I cannot feel it right to let string beans grow coarse on the vine–I have a duty to pick. So, too, I have an obligation to the ripe plums glowing on the Santa Rosa, the soft fuzzed cheeks of peaches peeking from between the curving green leaves, the tomatoes half-hiding in the odoriferous tangle that makes my shirt stain yellow-green and stink the rest of the day. These growing things I planted have a claim upon me. And I must pick clean, take off the damaged or old fruit as well as all the perfect ones, or my neglected sins will wait and ripen to foulness. This is true, if you do not pick well of the harvest-ready fruit, the vines will stop setting new ones, figuring that their job is over– they have reproduced successfully and can shut down and die. Consequences everywhere, especially in the garden.

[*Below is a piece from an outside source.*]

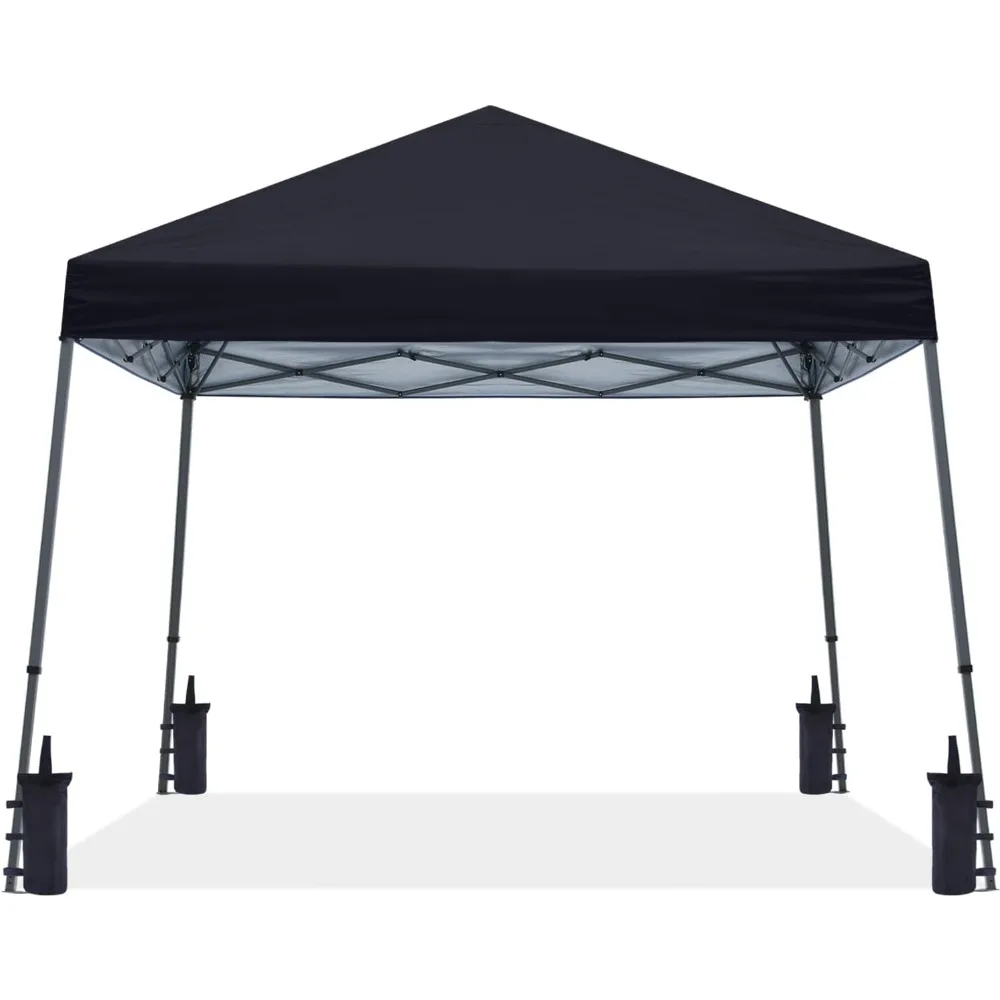 

Durable Expandable Outdoor Canopy Tent in Black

I read Gladys Taber, and she is the voice from far inside, the graying older friend companying me through the rows of beans, and taking up an eggplant to admire its glossy purple sides. She chats about ways of cooking, gently remarks about the difficulties of restraint when one’s soul yearns for cream but the scale frowns back. Her dogs bustle and snuff, knocking over the occasional seedling, but if one has dogs, what does one expect? They are an invitation to a fuller life, an extension of awareness and gratitude. Like children, inconvenient, but expanding experience and feelings. She pauses to watch the cat curl his paws over in sleepy satisfaction, by doing so she makes me notice, makes me remember. Pay heed to the small graces of daily passage.

Stillmeadow Farm

So when I go on Goodreads how can I evaluate such a book? Indeed, Gladys isn’t one book, she is a march across the shelves of books, plain covered and simple like the voice in which she speaks. Some better, more poignant than others. I still harbor a deep pang in me too, for her beloved companion Jill’s dignified death from leukemia. I wish I had been there to keep Gladys a little company then, if, perhaps, she had wanted some. She had her land, her old house, had her children and Jill’s and the dogs and the cat, but the children by then moved in their own lives and children, and the dogs and cat could not speak. I feel from her pages about Jill’s passing a loss undemonstrative but unfinished, the kind of missing that becomes part of life but is never past.

She is not a friend to everyone, she may ‘read’ too slow for some. Her events are small and daily, full of the many kinds of faith, journalistic in the sense of a diary. Maybe I am odd to like her so much, but so it is. If you are minded to try her, let me recommend The Stillmeadow Road, or Stillmeadow Daybook. Let me know.